Es dürfte kein Zweifel daran bestehen, dass das Samsung Galaxy S21 auch die von der Telekom einge­setzten Netz­kon­figu­rationen beherr­schen wird. Dyna­mischer Verän­derungs­pro­zess, wie die Samsung-Pres­sestelle bereits einräumt. Aber wer erklärt nun einem Kunden, der sich viel­leicht gerade erst für knapp 2000 Euro ein Samsung Galaxy Z Fold 2 zuge­legt hat, dass sein Smart­phone vermut­lich niemals das komplette 5G-Netz der Telekom nutzen kann?

5G-Handys der ersten Gene­ration bereits abge­wertet

Mit dem Aufkommen der 5G-DSS-Technik haben die Netz­betreiber schon die 5G-Smart­phones der ersten Gene­ration enorm abge­wertet, denn diese Tech­nologie kennt ein Samsung Galaxy S10 5G oder Huawei Mate 20X 5G nicht. Wäre das bei Endge­räten, die im Einsteiger-Preis­seg­ment ange­sie­delt sind, nach nicht einmal einem Jahr schon mehr als ärger­lich, so ist das bei Edel-Smart­phones, für die ohne Vertrag vier­stel­lige Euro-Beträge aufge­rufen werden, eigent­lich ein Fall für den Verbrau­cher­schutz.

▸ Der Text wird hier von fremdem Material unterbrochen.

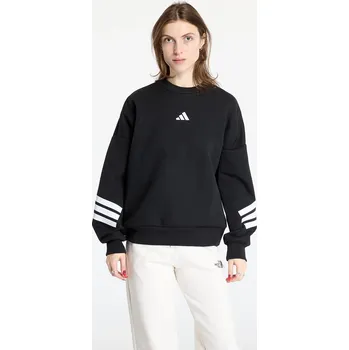 Dámská mikina Mikina adidas Future Icons Three Stripes Sweatshirt Black L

Voda­fone nutzt für 5G DSS in Frank­furt am Main übri­gens LTE auf 800 MHz als Anker. Zudem liegt der 5G-Träger im Frequenz­bereich um 1800 MHz. Diese Kombi­nation funk­tio­niert auch mit Samsung-Smart­phones, wie unser Test mit dem Samsung Galaxy S20 Ultra in "Main­hattan" gezeigt hat.